Attorney, Agent or Firm: Darby & Darby
Claims
We claim:
1. A device for controlling a closure of a casting vessel, comprising a
container, said container being provided with connecting means for
releasably connecting said container to the casting vessel; guide means
for said closure disposed in said container; and an electrical drive for
said closure disposed in said container, said drive being provided with
means for plugging said drive into a source of electrical control signals.
2. The device of claim 1, wherein said guide means comprises a guide member
defining a guide passage, and a rod receivable in said guide passage.
3. The device of claim 1, further comprising means for pressurizing said
container.
4. The device of claim 3, wherein said pressurizing means comprises means
for admitting cooling air into said container.

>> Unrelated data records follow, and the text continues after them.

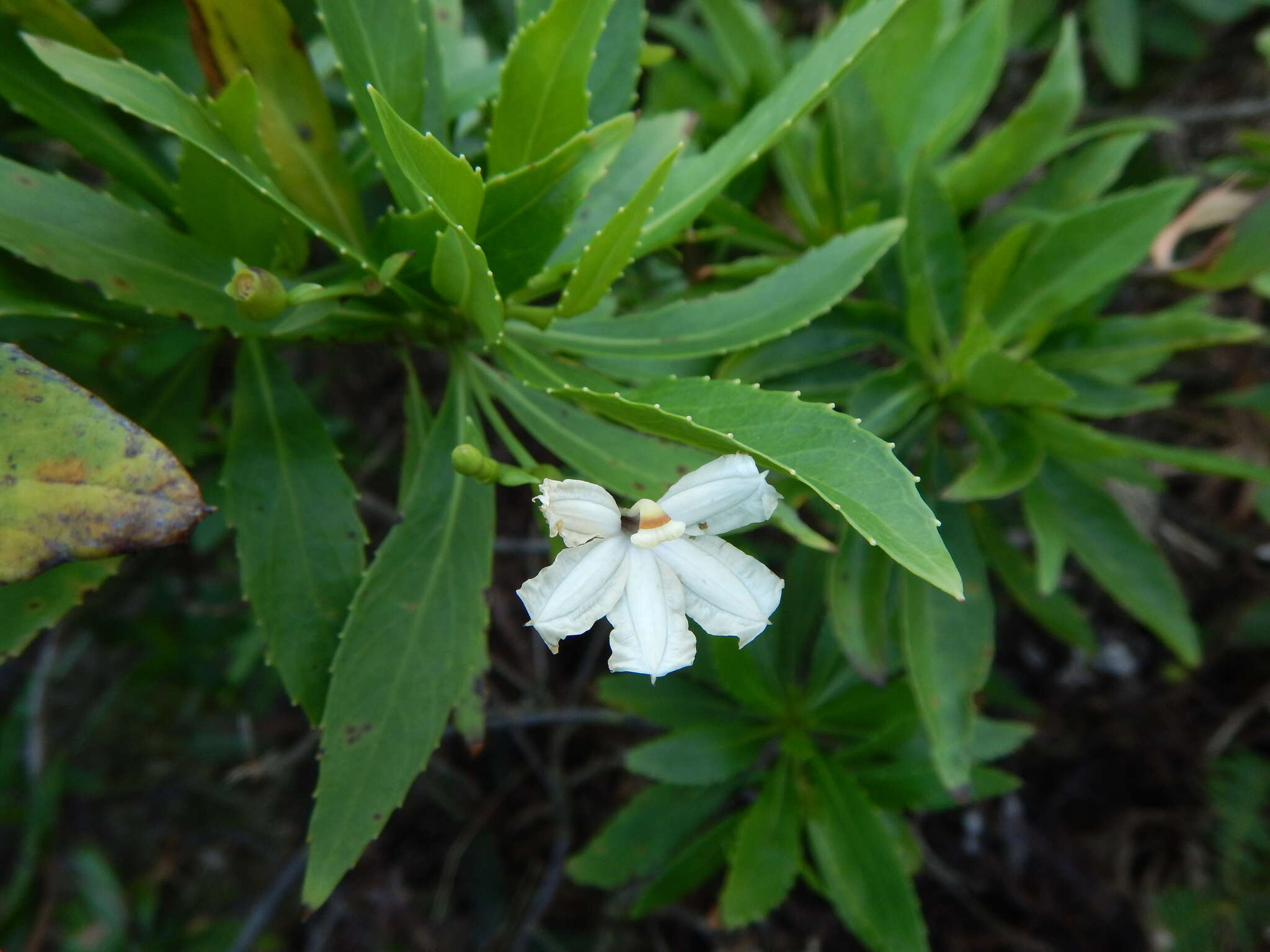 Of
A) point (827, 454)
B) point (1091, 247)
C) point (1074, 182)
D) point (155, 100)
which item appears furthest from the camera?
point (1074, 182)

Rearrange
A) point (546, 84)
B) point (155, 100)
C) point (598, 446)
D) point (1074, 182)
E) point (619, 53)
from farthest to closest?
point (1074, 182) < point (619, 53) < point (598, 446) < point (546, 84) < point (155, 100)

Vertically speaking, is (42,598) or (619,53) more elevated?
(619,53)

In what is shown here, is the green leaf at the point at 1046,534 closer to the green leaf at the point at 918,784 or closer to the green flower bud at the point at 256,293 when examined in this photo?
the green leaf at the point at 918,784

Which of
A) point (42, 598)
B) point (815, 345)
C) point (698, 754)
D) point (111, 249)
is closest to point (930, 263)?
point (815, 345)

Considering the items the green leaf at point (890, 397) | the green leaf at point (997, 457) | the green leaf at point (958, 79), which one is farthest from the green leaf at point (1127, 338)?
the green leaf at point (958, 79)

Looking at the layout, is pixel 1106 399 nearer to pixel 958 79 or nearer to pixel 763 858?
pixel 958 79

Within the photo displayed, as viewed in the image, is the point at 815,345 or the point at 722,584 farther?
the point at 815,345

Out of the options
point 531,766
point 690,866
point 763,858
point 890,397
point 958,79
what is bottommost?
point 531,766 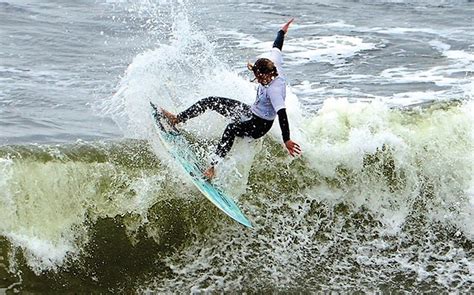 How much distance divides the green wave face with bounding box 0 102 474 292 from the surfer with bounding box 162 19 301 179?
0.30 metres

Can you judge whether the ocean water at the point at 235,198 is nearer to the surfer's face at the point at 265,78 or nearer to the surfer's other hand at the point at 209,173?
the surfer's other hand at the point at 209,173

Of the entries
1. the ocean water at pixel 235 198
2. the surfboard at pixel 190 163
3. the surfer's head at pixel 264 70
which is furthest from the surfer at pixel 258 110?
the ocean water at pixel 235 198

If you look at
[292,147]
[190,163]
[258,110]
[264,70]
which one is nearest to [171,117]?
[190,163]

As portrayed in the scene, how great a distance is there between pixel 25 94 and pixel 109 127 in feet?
8.98

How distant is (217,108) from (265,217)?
61.3 inches

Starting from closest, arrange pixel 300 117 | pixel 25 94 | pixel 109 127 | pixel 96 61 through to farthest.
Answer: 1. pixel 300 117
2. pixel 109 127
3. pixel 25 94
4. pixel 96 61

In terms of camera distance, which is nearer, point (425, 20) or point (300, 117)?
point (300, 117)

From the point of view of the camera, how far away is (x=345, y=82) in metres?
16.1

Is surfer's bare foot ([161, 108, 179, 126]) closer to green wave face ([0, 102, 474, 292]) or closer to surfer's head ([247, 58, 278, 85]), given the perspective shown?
green wave face ([0, 102, 474, 292])

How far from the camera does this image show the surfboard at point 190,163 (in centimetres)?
795

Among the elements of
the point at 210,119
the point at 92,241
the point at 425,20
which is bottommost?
the point at 425,20

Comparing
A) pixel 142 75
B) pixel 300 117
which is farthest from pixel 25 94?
pixel 300 117

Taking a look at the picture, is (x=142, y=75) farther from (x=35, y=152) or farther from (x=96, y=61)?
(x=96, y=61)

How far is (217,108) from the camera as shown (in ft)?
29.0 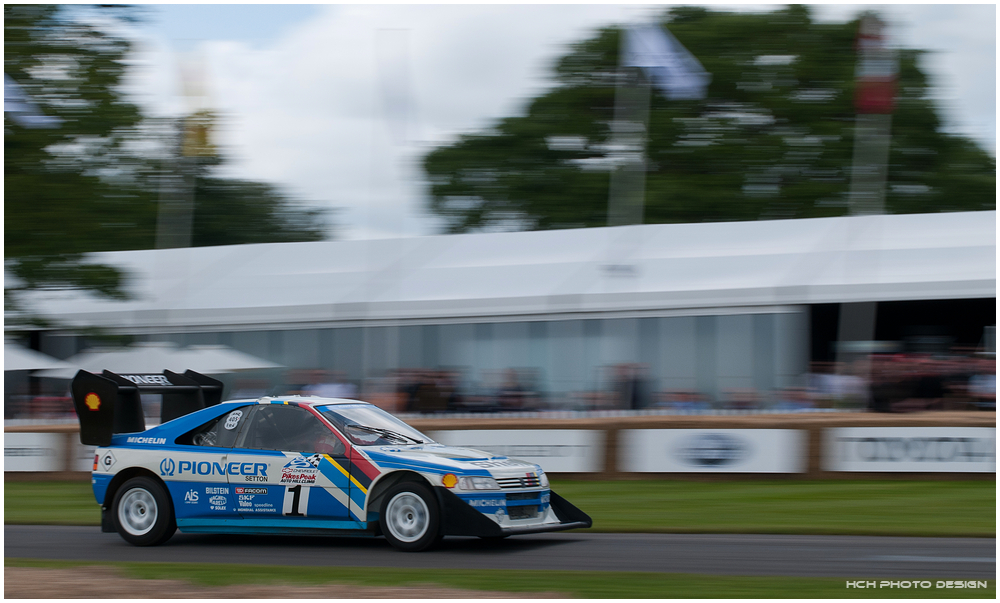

5. The device of claim 4, wherein said guide means defines a flow passage
for the cooling air.
6. The device of claim 1, wherein said connecting means comprises means for
suspending said container on the casting vessel.
7. The device of claim 1, wherein said guide means comprises a guide member
defining a guide passage, and a rod receivable in said guide passage, said
drive including a drive shaft which is substantially parallel to said rod;
and further comprising means for transmitting force between said shaft and
said rod, said transmitting means comprising a screw.
8. The device of claim 7, further comprising a handwheel which is
releasably connectible to said screw.
9. A casting installation, comprising a casting vessel having at least one
outlet; at least one closure for said one outlet; an electrical power
supply including a source of electrical control signals; and at least one
device for controlling said closure, said device comprising a container
provided with connecting means for releasably connecting said container to
said casting vessel, guide means for said closure disposed in said
container, and an electrical drive for said closure disposed in said
container, said source and said drive being provided with complementary
plugs and sockets for electrically coupling said source and said drive to
one another.
10. The installation of claim 9, wherein said guide means comprises a guide
member defining a guide passage, and a rod receivable in said guide
passage.
11. The installation of claim 9, wherein said casting vessel has a
plurality of outlets and a closure is provided for each of said outlets,
each of said closures being controlled by a respective device similar or
identical to said one device.
12. The installation of claim 11, wherein said casting vessel has 2 to 8
outlets.
13. The installation of claim 9, further comprising means for pressurizing
said container.
14. The installation of claim 13, wherein said pressurizing means comprises
means for admitting cooling air into said container.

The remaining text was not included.